One of the best ways to scale your winning ads is with a cost cap or a bid cap strategy. Between the two, I recommend that you use cost cap over bid cap, at least until you have a better idea of your predicted conversion rate — I’ll explain why below.

But before that, let’s take a minute to look at what they are.

What are Facebook’s bid strategies and how do they work? 

Out of the box, all of Facebook’s campaigns are set to optimize for ‘highest value’ — this used to be called ‘lowest cost’ in the past.

What does this mean?

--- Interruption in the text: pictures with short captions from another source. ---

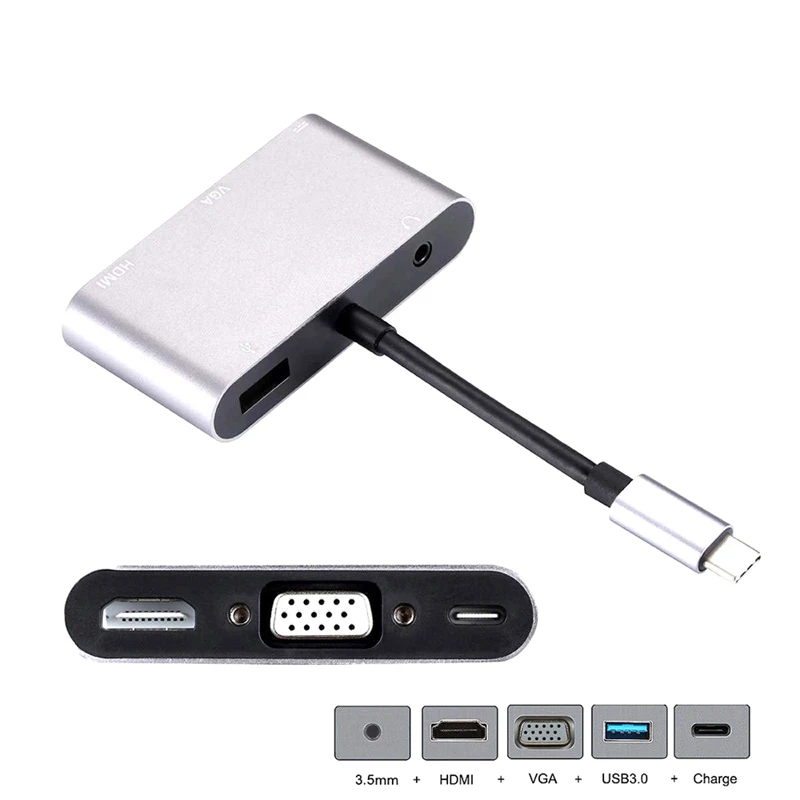 Usb C 3 1 Type к Hdmi & Vga Usb3.0 Otg Женский аудио адаптер для ноутбука|Адаптеры AC/DC| |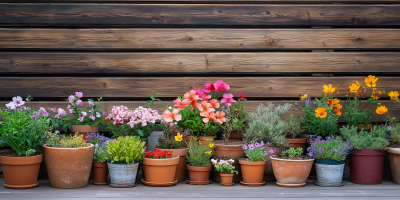Colorful Plant Pots Against Wooden Wall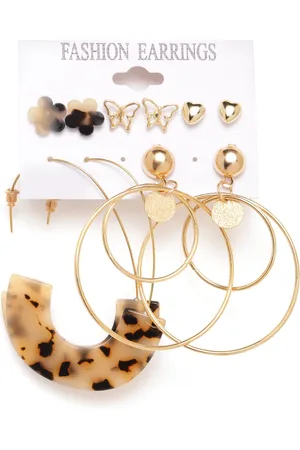 Jewels Galaxy Set of 5 Gold-Plated Earrings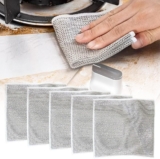 Multipurpose Wire Dishwashing Rags for Wet and Dry, 2026 Upgrade Non Scratch Metal Wire Dishcloth, Reusable Premium Metal Scrubbing Pads Sponge Clean for Home Kitchen Stove Tops (5Pcs)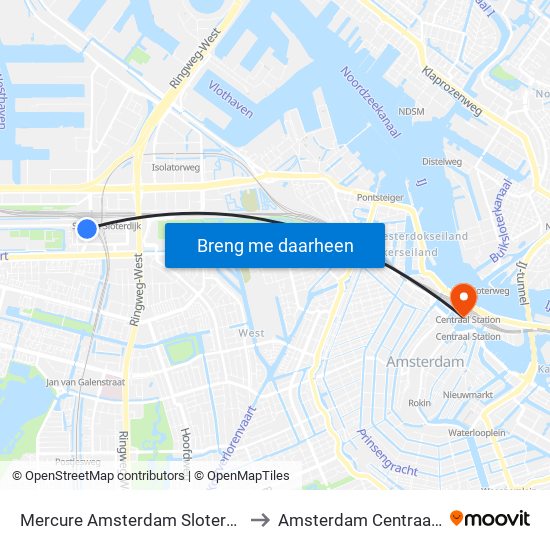 Mercure Amsterdam Sloterdijk Station to Amsterdam Centraal Station map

That Meta will try to spend your ad budget to get you the highest ROAS.

This is great for most businesses, especially when you are spending limited amounts and you want to focus on margins. 

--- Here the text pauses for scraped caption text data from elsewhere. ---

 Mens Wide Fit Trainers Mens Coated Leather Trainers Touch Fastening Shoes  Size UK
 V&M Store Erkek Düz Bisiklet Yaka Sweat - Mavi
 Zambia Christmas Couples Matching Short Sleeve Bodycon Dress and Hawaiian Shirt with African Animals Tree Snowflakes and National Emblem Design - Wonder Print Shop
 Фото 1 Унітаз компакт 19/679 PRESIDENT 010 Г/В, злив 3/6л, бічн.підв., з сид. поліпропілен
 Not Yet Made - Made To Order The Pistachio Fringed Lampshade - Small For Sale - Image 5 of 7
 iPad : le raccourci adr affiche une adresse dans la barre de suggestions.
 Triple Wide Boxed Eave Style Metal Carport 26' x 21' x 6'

But what if you are a large business or would like to move as much inventory as possible as long as you do so profitably?

One way to do that is to tell Facebook to get you a sale as long as the cost of the sale — also known as CAC (Customer Acquisition Cost) is below what makes sense for your business.

What is your CAC or Customer Aqcuisition Cost for Facebook?

As far as Facebook's cost and bid caps are converned, your CAC is your cost per (purchase) goal.

To calcuate your CAC, divide your total ad spend by your number of conversions or orders (given that your campaign goal or event is set as 'Purchase').

Note: Remember that your CAC may vary depending on time of the year, promotions you may have run, or bidding costs/competition on Facebook. Keeping an eye on how it increases or decreases can help you optimize better.

Let’s take an example. Let’s say your AOV (Average Order Value) is $150 and your CAC is about $65 and that is profitable. 

What you can do is tell Facebook to get you conversions as long as the cost of those is under $65. Put differently, you will change your bid strategy from highest value to ‘cost per result’ goal. This tells Meta that for this campaign, you’d like to hit an average CAC of $65 instead of maximizing ROAS. 

The Difference Between Cost Caps and Bid Caps

With a Cost Cap, when you tell Meta that your target CAC is $65, Meta could get one sale for $55 and the other for $75 so long as the campaign’s CAC is an average of $65. You’ve given Meta the flexibility to go up as long as you are averaging your target CAC. 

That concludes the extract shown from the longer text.